В крепостной деревне - 26

30.06.1855
Сокиринцы, Черниговская, Украина

 

XI.

 Я ехал из Линовицы, где жил уже несколько времени, к Григорию Павловичу Галагану на освящение "будынка", построенного по образцу старинных малороссийских построек. Сельская дорога шла по житам и гречкам; пестрели васильки и мак; на толоке паслись мериносы; из будяка {Репейника.}, который лесом укрывал степь, вылетали голуби. Наконец -- через массивные ворота -- я въехал в чистый и обширный двор. Сбоку стояла беленькая хатина, смеясь на солнце, а прямо перед глазами был дом с навесами, крылечками, подпорами и присьбой кругом всего дома; высокая соломенная крыша укрывала его, а за ним возносились пирамидальные тополи и рисовались густые купы дерев. Вербы свесили свои нежные ветви к крыше и окнам. С другой стороны дома был сад с темными аллеями, подходившими к самому поддашью (комната без наружной стены, которая вставляется только зимою); аллеи на полверсты тянулись и пересекали одна другую, то липовая вся в цвету, то из орешника, то кленовая, черемуховая или березовая, то вся из акаций. Плодовые деревья, кусты ягод, гряды земляники раскинулись по всему саду, окаймленному колючим терном. После молебна, обедни и освящения дома (будынка), на которое съехалось много гостей, мы обедали на старый лад, запивая наливками и венгерским из дедовского запаса. Все радостно приветствовали это старосветское вновь рожденное дитя. Будынок смотрел так уютно, так приветливо; своею физиономией он переносил нас в жизнь давно прошедшую и невольно порождал во многих присутствующих желание сделать и у себя такой же дом... Зачем такой же?! Григорий Павлович Галаган попытался, и очень удачно, воскресить прошлое; всякою мелочью в доме он хотел напомнить нам жизнь дедов и прадедов; это очень похвально, шаг вперед все-таки сделан, но слепое подражание, всегда нас преследующее, явилось и тут: почему бы не сделать шаг вперед и не идти далее, чем могли наши предки?

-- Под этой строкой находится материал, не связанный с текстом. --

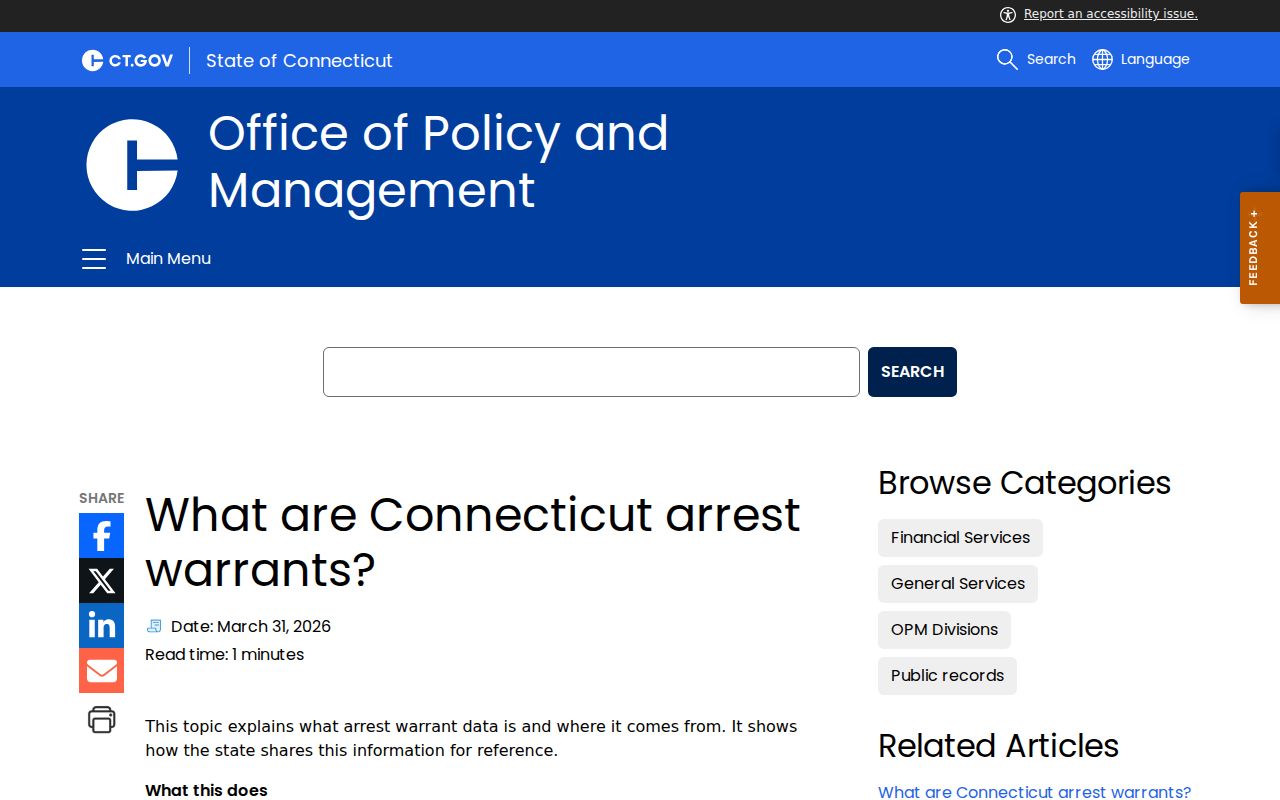 Bridgeport County arrest warrant public records explanation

 Мы все ясно видим бестолковость нынешних построек и их разладицу с жизнью: никто, однако, не хочет изучать настоящих требований, и сообразно с этим сделать попытку применения народной архитектуры к устройству наших домов.

 Для уяснения народного вкуса в постройке, следует собирать и приводить к одному знаменателю все, что только можно заимствовать из народной жизни. Образцом для общих форм дома должна служить хата, в ней есть все данные, во всей их неприкосновенности, а старосветские будынки и каменици должны рассматриваться с оглядкой, потому что и туда внесена порча. Для архитектурных украшений следует изучать резьбу: на карнизах, окнах, дверях, сволоках, млинах и ветряках, воротах, каморах, подпорах, ярмах и чумацких мажах, коромыслах, прачах, скамьях, столах, божницах, по лицах, речных дубах, судах и пр. Большое значение также имеет шитье рубах, рушников и хусток, затем рисунки плахт, крашанок, писанок и этих материалов в народе без конца. Обо всем этом стоит подумать, стоит заняться... Но вернемся к празднику.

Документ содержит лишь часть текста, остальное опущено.